Le mot “ math­é­graphique ” en dit assez long pour que vous ne le cher­chiez pas dans le Petit Larousse : il n’y est pas encore, mais cela vien­dra. Quant aux diver­tisse­ments pro­posés par Pierre Naslin, ils régaleront les math­é­mati­ciens comme les philosophes des sci­ences. Loin d’en avoir fait un sim­ple recueil de curiosités clas­siques et mod­ernes, l’auteur innove, décou­vre, invente, par­ti­c­ulière­ment dans des domaines d’actualité tels que ceux des attracteurs et des formes fractales.

Aucun amoureux des nom­bres et de leurs appli­ca­tions graphiques ne man­quera d’y trou­ver quelque sujet de pas­sion, tant ce livre cou­vre de champs où cha­cun s’est déjà égaré avec délices.

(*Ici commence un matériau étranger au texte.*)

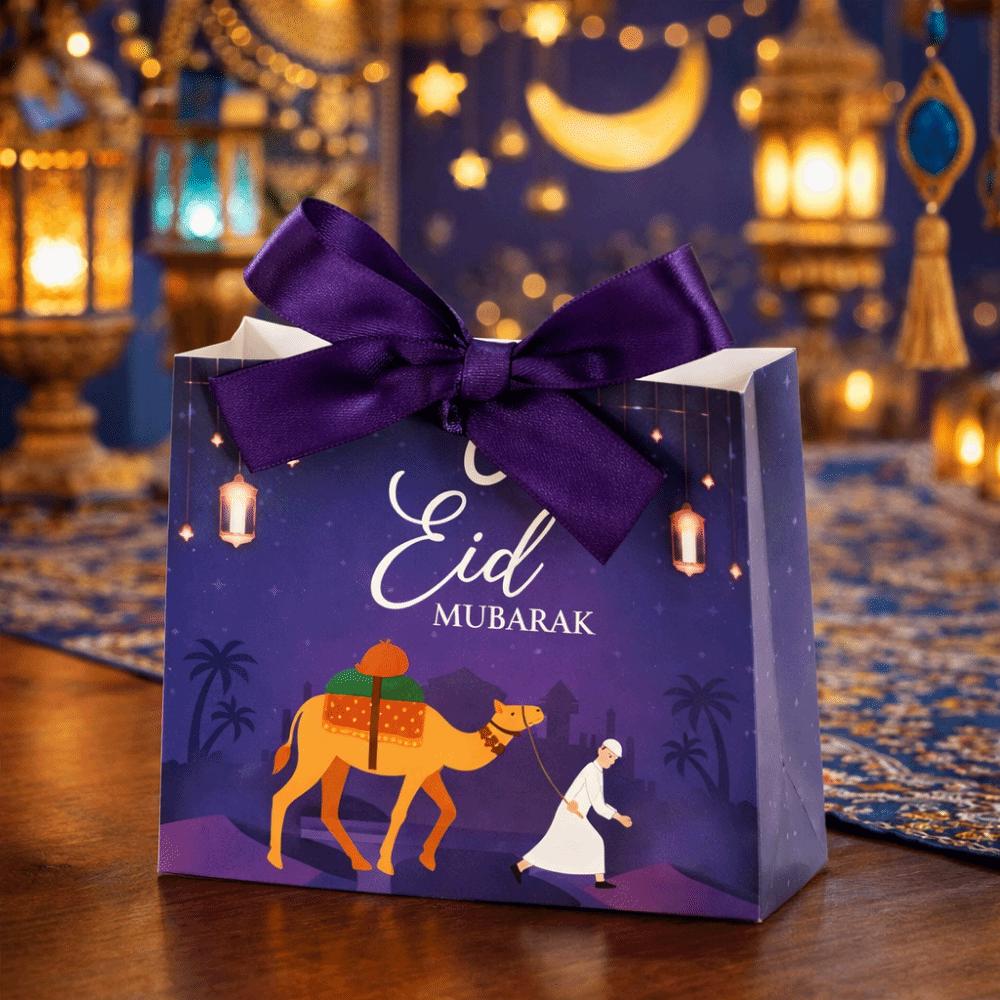 10Pcs Multicolor Eid and Ramadan Gift Boxes Star/Moon Satin Ribbon Bow Ramadan Gift Box DIY Simple Gift Packaging Bags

Entre ces champs, à pre­mière vue dis­parates, Pierre Naslin a un remar­quable tal­ent pour ouvrir des portes qui ren­dent son ouvrage très cohérent. En chemin, nous par­courons un pays où se côtoient des formes géométriques créées à par­tir des nom­bres, des con­struc­tions imag­i­naires impos­si­bles dans notre monde réel, des pavages sophis­tiqués, des suites numériques aux com­porte­ments incroy­ables (lisez donc le réc­it des exploits du gang à Fibonac­ci !), de bizarres struc­tures arith­mé­tiques, des orages de grêlons et de super-grêlons, le cal­cul des car­rés et des cubes mag­iques, et cent autres étrangetés. L’auteur n’oublie pas d’aborder la logique booléenne, les jeux et le hasard.

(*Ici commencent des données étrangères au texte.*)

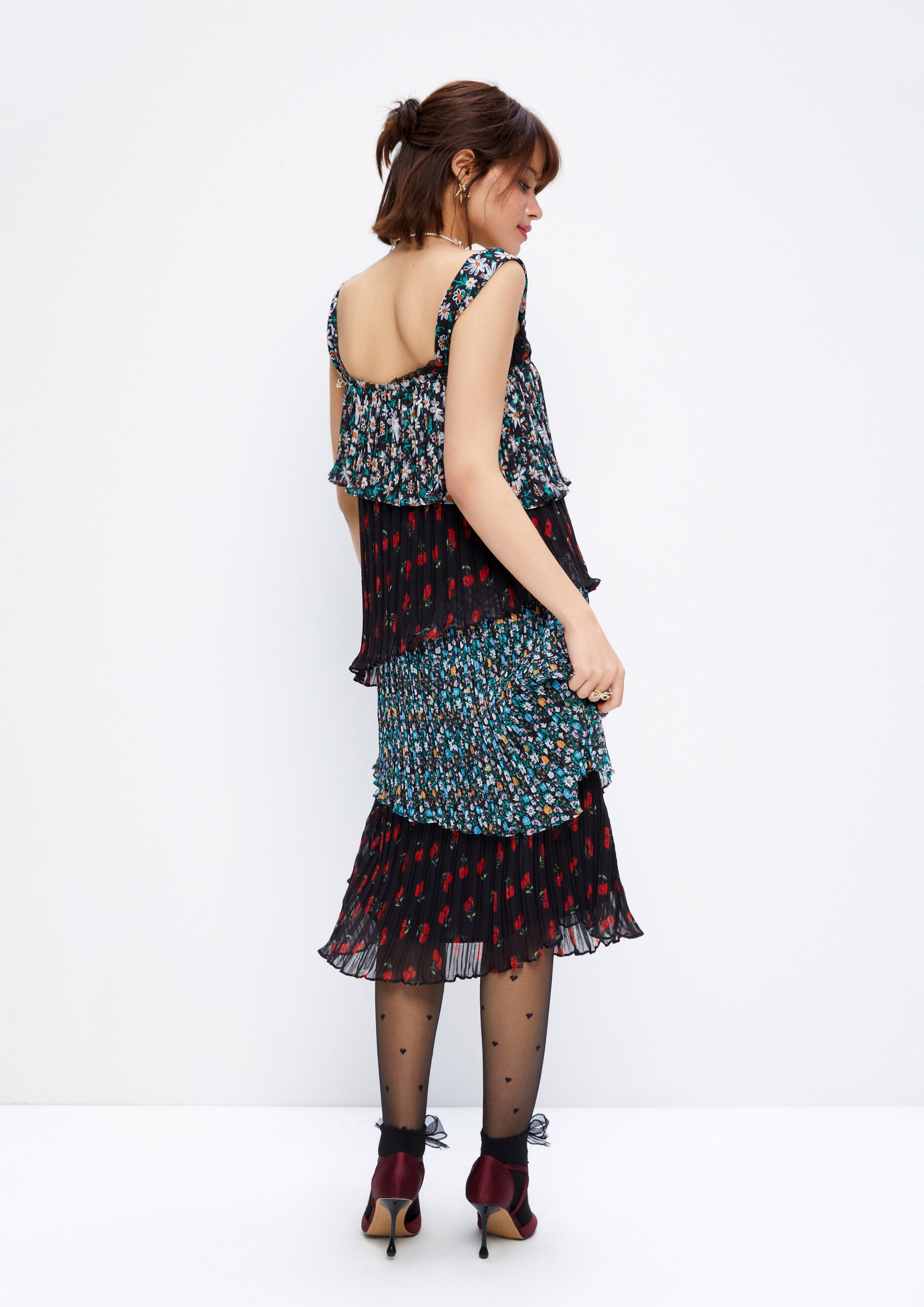 Ruffle Tiered Patchwork Midi Dress Dreamweaver Troop Collection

Tout ceci est donc tis­sé à par­tir d’une trame qui donne une éton­nante con­ti­nu­ité à l’ensemble. Et tout nous devient fam­i­li­er, tant l’exposé est clair et plaisant : car il est impos­si­ble d’être vrai­ment sérieux, sans le sub­til recul qu’on appelle l’humour.

S’il est moins soucieux de cohérence glob­ale, le lecteur pour­ra au con­traire sirot­er ces diver­tisse­ments à petites gorgées. Il appro­fondi­ra alors les chapitres les plus pro­pres à étanch­er sa soif et, qui sait, y ajoutera à son tour quelques décou­vertes : Pierre Naslin, peu jaloux des thèmes qu’il développe, les accueillera volontiers.

Pour ma part et avec l’aide de mon ordi­na­teur – Arthur, pour les intimes –, j’ai pris un vif plaisir à creuser l’arithmétique des man­tiss­es, la loi de New­comb-Ben­ford (selon laque­lle le pre­mier chiffre sig­ni­fi­catif d’une don­née physique ou économique est plus sou­vent 1 ou 2 que 8 ou 9), et les cycles d’attraction évo­qués aux pages 172 et suiv­antes de l’ouvrage : car la logique de l’informatique sou­tient bien la recherche théorique, tan­dis que sa rapid­ité facilite les cal­culs. L’étude des grêlons de Syra­cuse en est aus­si une bonne appli­ca­tion. L’auteur préfère sa cal­culette, qui pro­cure une vision directe des opéra­tions effec­tuées, mais l’une com­plète bien l’autre.

Sous les cubes mag­iques, la plage ! C’est en soule­vant le car­relage du boulanger chi­nois que le drag­on Pythagore décou­vre le tré­sor du nom­bre d’or. Mais bon, l’ami Naslin me dit que j’embrouille tout et que je déna­ture son livre : j’y retourne immédiatement.